(HealthDay News) -- It may sound simple enough: Stay away from gluten if you have celiac disease. But what, exactly, does that mean?
Gluten is a protein found in wheat, rye and barley. People who need to avoid gluten, however, need to be on the lookout for it in more than food. They also need to carefully read product labels, advises the U.S. National Institute of Diabetes and Digestive and Kidney Diseases. That includes medicines and vitamins. For prescription medications, ask the pharmacist if they contain wheat.
The institute says that gluten also is used as an additive in some products, so checking all labels needs to become a habit. Lipstick, lip balms, play dough and more may contain gluten.

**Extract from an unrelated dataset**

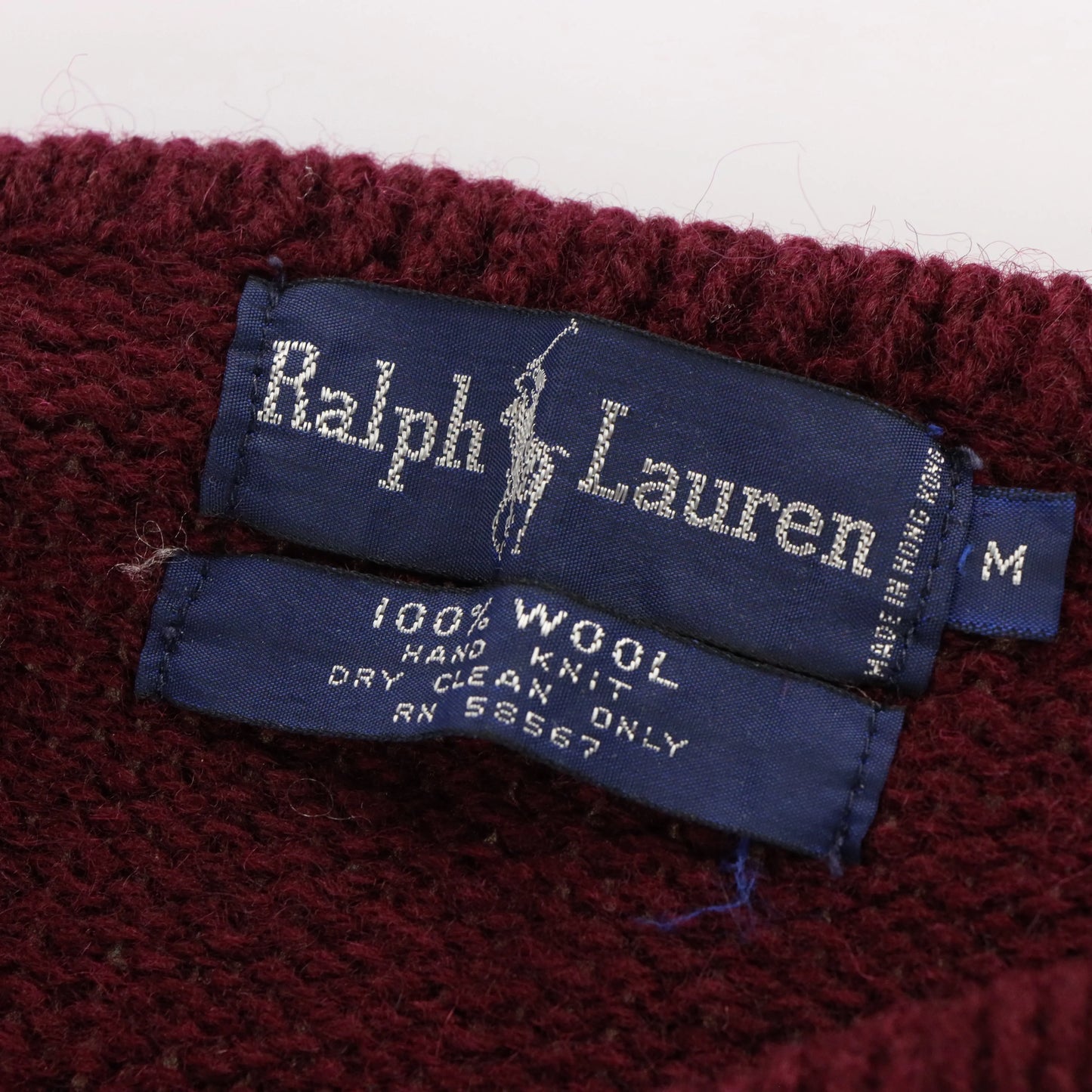 Vintage RALPH LAUREN Pheasant Bird 100% Wool Hand Knit Burgundy Sweater (S-M) Vintage Sole Melbourne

If a product label does not list ingredients, contact the manufacturer for a list.
As for foodstuffs, where gluten is most often found, anything made from wheat, rye and barley should not be eaten by someone with celiac disease. Off the list, then, are most grains, pastas and cereals and many processed foods. But plenty of foods do not contain gluten, and many gluten-free products have made their way onto supermarket shelves in recent years.
The institute suggests that anyone needing to eat gluten-free may want to:
Substitute with potato, rice, soy, amaranth, quinoa, buckwheat or bean flour instead of wheat flour.
Check out organic food stores or mail-order outlets if neighborhood markets do not offer a variety of gluten-free bread, pasta and other products.
Join a support group, often a good source of ideas on food options.
Ask the waiter or chef, when eating out, about specific ingredients and food preparation or ask if a gluten-free menu is available.